** Task statement **
Would you reproduce, without any alteration, the lines from the opening line of the entries through the line that has "Zella workout top" in it?

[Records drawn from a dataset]
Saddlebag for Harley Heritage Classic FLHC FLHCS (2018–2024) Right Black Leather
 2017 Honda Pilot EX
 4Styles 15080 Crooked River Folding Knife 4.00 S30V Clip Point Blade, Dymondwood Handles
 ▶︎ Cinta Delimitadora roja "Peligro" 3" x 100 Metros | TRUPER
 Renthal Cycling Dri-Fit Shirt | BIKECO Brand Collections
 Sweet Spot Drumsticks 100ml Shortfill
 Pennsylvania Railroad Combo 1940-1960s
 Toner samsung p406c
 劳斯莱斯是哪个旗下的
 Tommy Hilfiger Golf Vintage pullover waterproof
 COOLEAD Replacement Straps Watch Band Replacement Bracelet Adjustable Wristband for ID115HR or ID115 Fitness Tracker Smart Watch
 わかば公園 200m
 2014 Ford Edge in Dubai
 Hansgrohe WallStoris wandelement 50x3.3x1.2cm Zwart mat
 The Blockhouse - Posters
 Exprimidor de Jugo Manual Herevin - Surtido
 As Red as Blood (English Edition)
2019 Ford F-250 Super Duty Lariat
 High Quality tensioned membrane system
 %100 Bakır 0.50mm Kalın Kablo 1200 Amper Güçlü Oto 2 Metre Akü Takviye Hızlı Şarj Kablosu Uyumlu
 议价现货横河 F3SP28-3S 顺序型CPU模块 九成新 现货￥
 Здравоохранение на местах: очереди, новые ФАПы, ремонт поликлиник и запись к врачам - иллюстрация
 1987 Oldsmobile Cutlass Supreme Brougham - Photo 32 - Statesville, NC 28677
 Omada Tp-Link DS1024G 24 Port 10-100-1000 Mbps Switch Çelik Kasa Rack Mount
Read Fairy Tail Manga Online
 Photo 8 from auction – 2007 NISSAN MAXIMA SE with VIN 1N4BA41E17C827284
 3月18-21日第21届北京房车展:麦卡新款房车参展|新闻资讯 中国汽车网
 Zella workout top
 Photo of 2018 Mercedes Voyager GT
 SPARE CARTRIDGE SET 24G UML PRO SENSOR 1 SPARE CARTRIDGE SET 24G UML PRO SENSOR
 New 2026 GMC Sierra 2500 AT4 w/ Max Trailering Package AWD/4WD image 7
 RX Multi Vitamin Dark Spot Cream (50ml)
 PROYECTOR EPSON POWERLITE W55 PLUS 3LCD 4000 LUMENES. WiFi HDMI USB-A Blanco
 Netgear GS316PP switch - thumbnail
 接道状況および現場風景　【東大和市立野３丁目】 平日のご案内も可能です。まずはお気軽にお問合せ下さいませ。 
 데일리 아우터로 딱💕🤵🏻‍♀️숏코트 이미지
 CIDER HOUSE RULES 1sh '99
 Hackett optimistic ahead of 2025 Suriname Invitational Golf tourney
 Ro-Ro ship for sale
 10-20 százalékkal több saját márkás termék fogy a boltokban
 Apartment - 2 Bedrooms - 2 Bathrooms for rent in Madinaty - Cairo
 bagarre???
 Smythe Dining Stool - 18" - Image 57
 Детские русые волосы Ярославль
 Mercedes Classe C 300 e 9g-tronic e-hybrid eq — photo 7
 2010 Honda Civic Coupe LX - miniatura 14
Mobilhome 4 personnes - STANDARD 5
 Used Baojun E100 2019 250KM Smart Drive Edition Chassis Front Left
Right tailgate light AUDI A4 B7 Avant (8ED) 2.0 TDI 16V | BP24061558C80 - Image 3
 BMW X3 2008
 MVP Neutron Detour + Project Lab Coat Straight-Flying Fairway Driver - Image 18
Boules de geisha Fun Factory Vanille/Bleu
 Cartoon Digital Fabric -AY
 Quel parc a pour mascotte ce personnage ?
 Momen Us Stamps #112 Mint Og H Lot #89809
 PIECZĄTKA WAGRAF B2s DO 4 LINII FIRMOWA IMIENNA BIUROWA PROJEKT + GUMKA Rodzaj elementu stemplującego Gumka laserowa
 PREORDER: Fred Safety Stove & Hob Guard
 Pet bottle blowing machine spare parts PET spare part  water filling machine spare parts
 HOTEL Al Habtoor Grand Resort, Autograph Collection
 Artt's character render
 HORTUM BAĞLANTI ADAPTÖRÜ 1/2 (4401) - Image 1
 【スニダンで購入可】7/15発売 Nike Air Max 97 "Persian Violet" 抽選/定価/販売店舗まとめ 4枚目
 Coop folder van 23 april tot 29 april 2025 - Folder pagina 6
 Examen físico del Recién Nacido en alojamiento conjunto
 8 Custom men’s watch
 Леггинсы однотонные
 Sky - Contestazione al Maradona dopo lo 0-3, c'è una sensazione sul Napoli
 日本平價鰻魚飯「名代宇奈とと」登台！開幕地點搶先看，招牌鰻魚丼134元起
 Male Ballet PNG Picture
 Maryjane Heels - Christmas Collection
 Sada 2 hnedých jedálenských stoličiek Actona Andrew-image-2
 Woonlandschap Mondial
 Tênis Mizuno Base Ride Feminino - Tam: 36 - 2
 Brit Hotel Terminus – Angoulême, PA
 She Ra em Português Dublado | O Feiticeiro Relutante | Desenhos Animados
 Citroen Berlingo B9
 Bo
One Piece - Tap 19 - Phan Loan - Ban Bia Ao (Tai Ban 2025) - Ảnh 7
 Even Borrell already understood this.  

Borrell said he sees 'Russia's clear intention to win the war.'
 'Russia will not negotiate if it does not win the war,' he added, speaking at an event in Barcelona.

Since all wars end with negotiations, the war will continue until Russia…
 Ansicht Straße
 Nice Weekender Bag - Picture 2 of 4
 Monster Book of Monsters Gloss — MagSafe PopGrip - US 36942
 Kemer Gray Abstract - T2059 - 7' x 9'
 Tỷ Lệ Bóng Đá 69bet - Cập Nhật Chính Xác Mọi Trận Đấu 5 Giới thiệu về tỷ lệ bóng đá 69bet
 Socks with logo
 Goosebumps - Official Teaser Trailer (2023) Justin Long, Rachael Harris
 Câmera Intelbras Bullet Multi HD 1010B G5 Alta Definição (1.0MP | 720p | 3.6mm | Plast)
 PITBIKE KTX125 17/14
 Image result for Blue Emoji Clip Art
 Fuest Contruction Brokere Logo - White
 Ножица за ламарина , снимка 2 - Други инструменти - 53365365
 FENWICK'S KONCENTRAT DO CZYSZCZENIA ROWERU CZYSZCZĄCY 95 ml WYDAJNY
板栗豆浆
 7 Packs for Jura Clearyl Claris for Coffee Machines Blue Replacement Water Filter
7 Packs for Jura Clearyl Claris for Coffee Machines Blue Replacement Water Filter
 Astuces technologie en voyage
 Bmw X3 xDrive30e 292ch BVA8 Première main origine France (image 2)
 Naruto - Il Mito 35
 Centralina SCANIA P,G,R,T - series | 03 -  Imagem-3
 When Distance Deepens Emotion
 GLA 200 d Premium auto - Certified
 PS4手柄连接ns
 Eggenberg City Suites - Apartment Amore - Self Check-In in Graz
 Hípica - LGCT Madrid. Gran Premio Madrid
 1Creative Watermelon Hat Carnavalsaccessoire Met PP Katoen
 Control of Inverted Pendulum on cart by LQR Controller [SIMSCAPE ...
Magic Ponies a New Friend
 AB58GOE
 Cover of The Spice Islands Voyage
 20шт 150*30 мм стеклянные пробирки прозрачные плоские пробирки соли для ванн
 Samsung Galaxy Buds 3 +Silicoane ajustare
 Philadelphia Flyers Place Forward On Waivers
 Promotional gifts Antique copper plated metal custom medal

** The completed task **
Saddlebag for Harley Heritage Classic FLHC FLHCS (2018–2024) Right Black Leather
 2017 Honda Pilot EX
 4Styles 15080 Crooked River Folding Knife 4.00 S30V Clip Point Blade, Dymondwood Handles
 ▶︎ Cinta Delimitadora roja "Peligro" 3" x 100 Metros | TRUPER
 Renthal Cycling Dri-Fit Shirt | BIKECO Brand Collections
 Sweet Spot Drumsticks 100ml Shortfill
 Pennsylvania Railroad Combo 1940-1960s
 Toner samsung p406c
 劳斯莱斯是哪个旗下的
 Tommy Hilfiger Golf Vintage pullover waterproof
 COOLEAD Replacement Straps Watch Band Replacement Bracelet Adjustable Wristband for ID115HR or ID115 Fitness Tracker Smart Watch
 わかば公園 200m
 2014 Ford Edge in Dubai
 Hansgrohe WallStoris wandelement 50x3.3x1.2cm Zwart mat
 The Blockhouse - Posters
 Exprimidor de Jugo Manual Herevin - Surtido
 As Red as Blood (English Edition)
2019 Ford F-250 Super Duty Lariat
 High Quality tensioned membrane system
 %100 Bakır 0.50mm Kalın Kablo 1200 Amper Güçlü Oto 2 Metre Akü Takviye Hızlı Şarj Kablosu Uyumlu
 议价现货横河 F3SP28-3S 顺序型CPU模块 九成新 现货￥
 Здравоохранение на местах: очереди, новые ФАПы, ремонт поликлиник и запись к врачам - иллюстрация
 1987 Oldsmobile Cutlass Supreme Brougham - Photo 32 - Statesville, NC 28677
 Omada Tp-Link DS1024G 24 Port 10-100-1000 Mbps Switch Çelik Kasa Rack Mount
Read Fairy Tail Manga Online
 Photo 8 from auction – 2007 NISSAN MAXIMA SE with VIN 1N4BA41E17C827284
 3月18-21日第21届北京房车展:麦卡新款房车参展|新闻资讯 中国汽车网
 Zella workout top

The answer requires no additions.